PRESS RELEASE: Jane Maxwell: Recent Works, Oct 19 - Nov 30, 2018

Jane Maxwell: Recent Works
Oct 19 – Nov 30, 2018

BIOGRAPHY

Born in Boston, 1964

EDUCATION 
B.A., Middlebury College 
Museum of Fine Art School 
DeCordova Museum, Lincoln, MA 
Montserrat College, Beverly, MA

Jane Maxwell is a mixed media artist from Boston, Massachusetts. Her work is exhibited at major galleries throughout the United States and acquired by collectors from around the world.

Maxwell’s artistic voice grew out of a passion for vintage materials, modern fashion and design – mingled with a deep fascination for pop culture and female icons.

Maxwell’s work has been featured in numerous newspaper and magazine articles and in several books on mixed media and collage. She has been a college guest lecturer on the topic of body image and art. Recently, Jane was selected to be included in the 30th anniversary edition of “Who’s Who in American Art.”

Maxwell graduated with a BA in Literature from Middlebury College. She studied mixed media at the School of the Museum of Fine Arts in Boston and at the Decordova Museum School in Lincoln, Massachusetts. She is married with three teenage children.

 

ARTIST STATEMENT

I have loved fashion since I was a little girl. Some of my earliest memories are of visiting my grandfather’s garment factory in South Boston. He manufactured women’s clothing and I marveled at the huge bolts of fabric, the meticulous pattern makers and industrial stitching machines. His designer was a woman in her 20’s whom I simply worshipped. My grandfather would have his team create miniature versions of their designs for my sister and me, until we were old enough to go ‘shopping’ right off the revolving racks in his facility.
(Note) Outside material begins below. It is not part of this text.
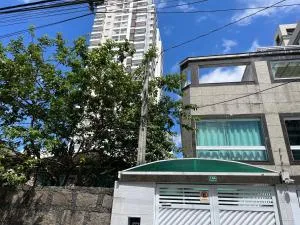 Quartos na Praia - Cozinha Compartilhada, Self Check-in, WiFi, Próximo à Praia - Vila Macuco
Into my adulthood, my love for fashion grew, but I went through a period of deeply resenting the fashion industry for teasing me with clothes that I could neither fit into nor afford. In fact, much of my art over the past 20 years has commented on my complicated relationship with fashion and its direct influence on the cultural epidemic of negative body image. As I’ve aged, I still can’t fit into most of the fashion I revere and I am still overwhelmed by the price tags, but something has shifted in me.

While I still struggle with ambivalent feelings, I have come to terms with the fact that I am deeply and unapologetically moved by fashion. I find it to be creative and innovative. I love the power, confidence and individuality it offers women. I am enamored with the color, shape, texture, fluidity and form of fashion. And, I am happy that the fashion world has begun to embrace women of different shapes and sizes (There is still a very long way to go, but this fashion season, I have seen more curvy women and racial diversity than ever).

This series celebrates fashion and power. The women on my canvas’ are striding with confidence, style and strength. They are influenced by the fashion seen on the pages of magazines, on the red carpet and fashion runway, but have made it uniquely their own. I am asserting authority, individuality and fearlessness. On these canvas’ I am putting into play my own fantasy of becoming a fashion designer by dressing these women in found papers with distinct pattern, texture and print.

Dresses are built from torn, layered billboard papers that I’ve torn down and repurposed as fashion.  I love the use of these rich, textured paper that have layers of history and are then transformed into modern style.